■ **INFORMATION PROVIDED**:
--
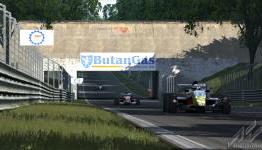 AI make their way into Assetto Corsa thanks to latest update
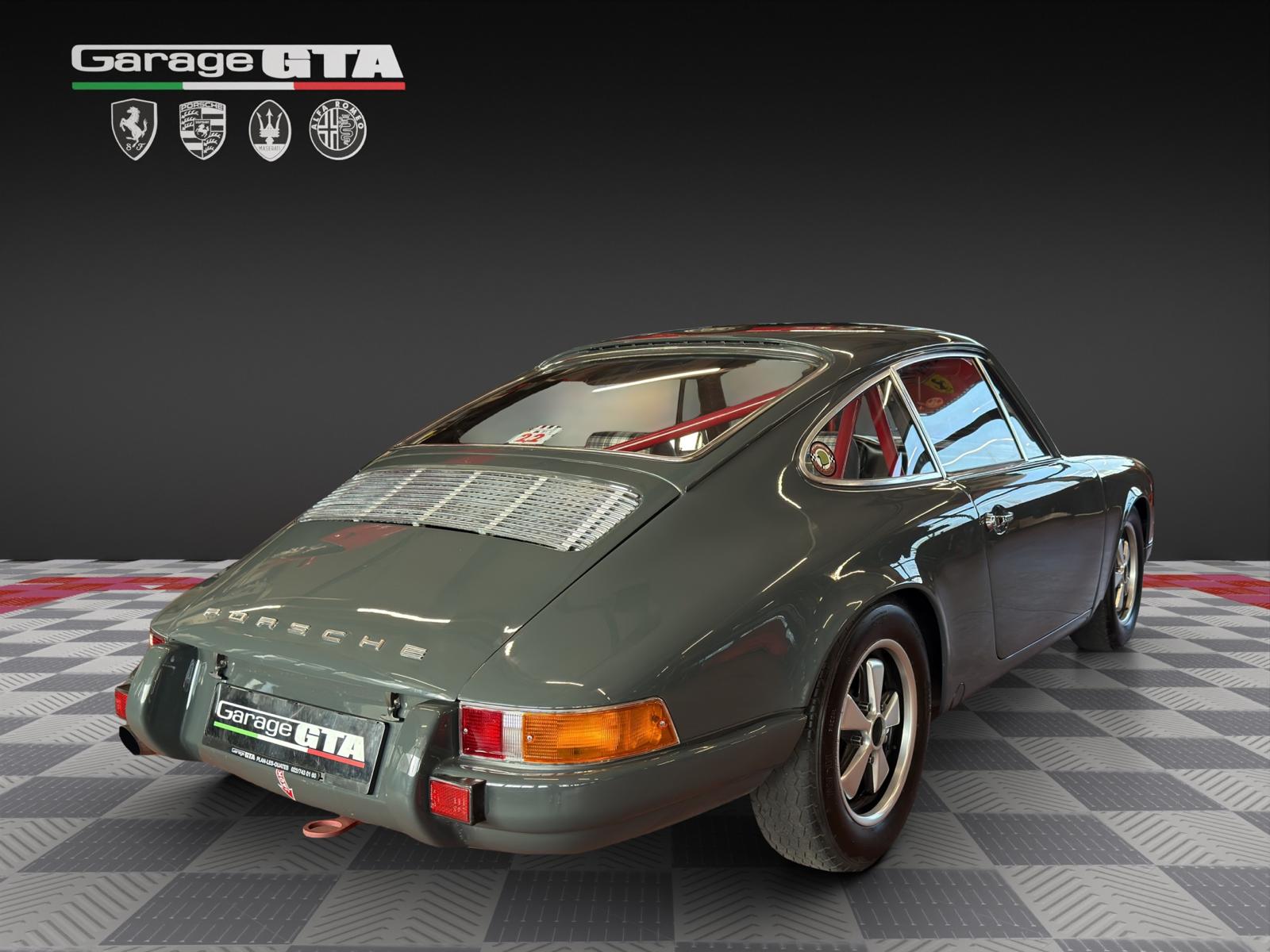 PORSCHE T-image-4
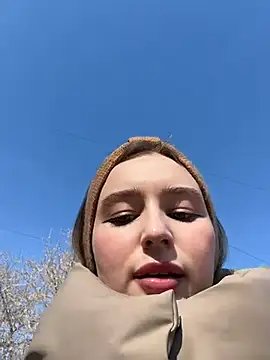 Mary Sensory online show from April 2, 2026, 9:29 am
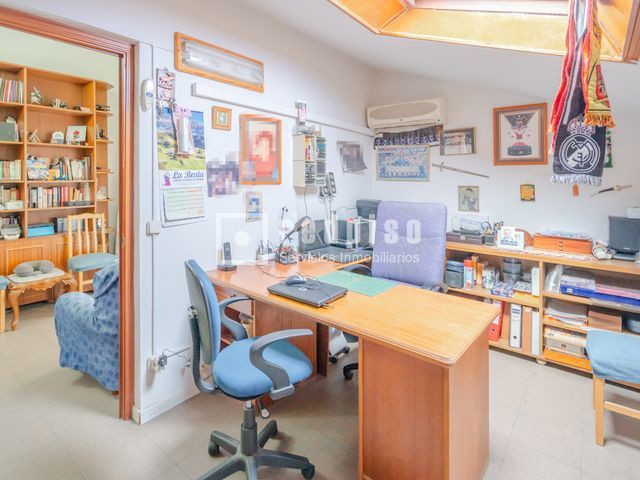 Casa en venta en Parque Coimbra, Madrid 40/46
--
■ **PROBLEM STATEMENT**: Repeat the listing verbatim without its pictures.

■ **RESPONSE AREA**:
 AI make their way into Assetto Corsa thanks to latest update
 PORSCHE T-image-4
 Mary Sensory online show from April 2, 2026, 9:29 am
 Casa en venta en Parque Coimbra, Madrid 40/46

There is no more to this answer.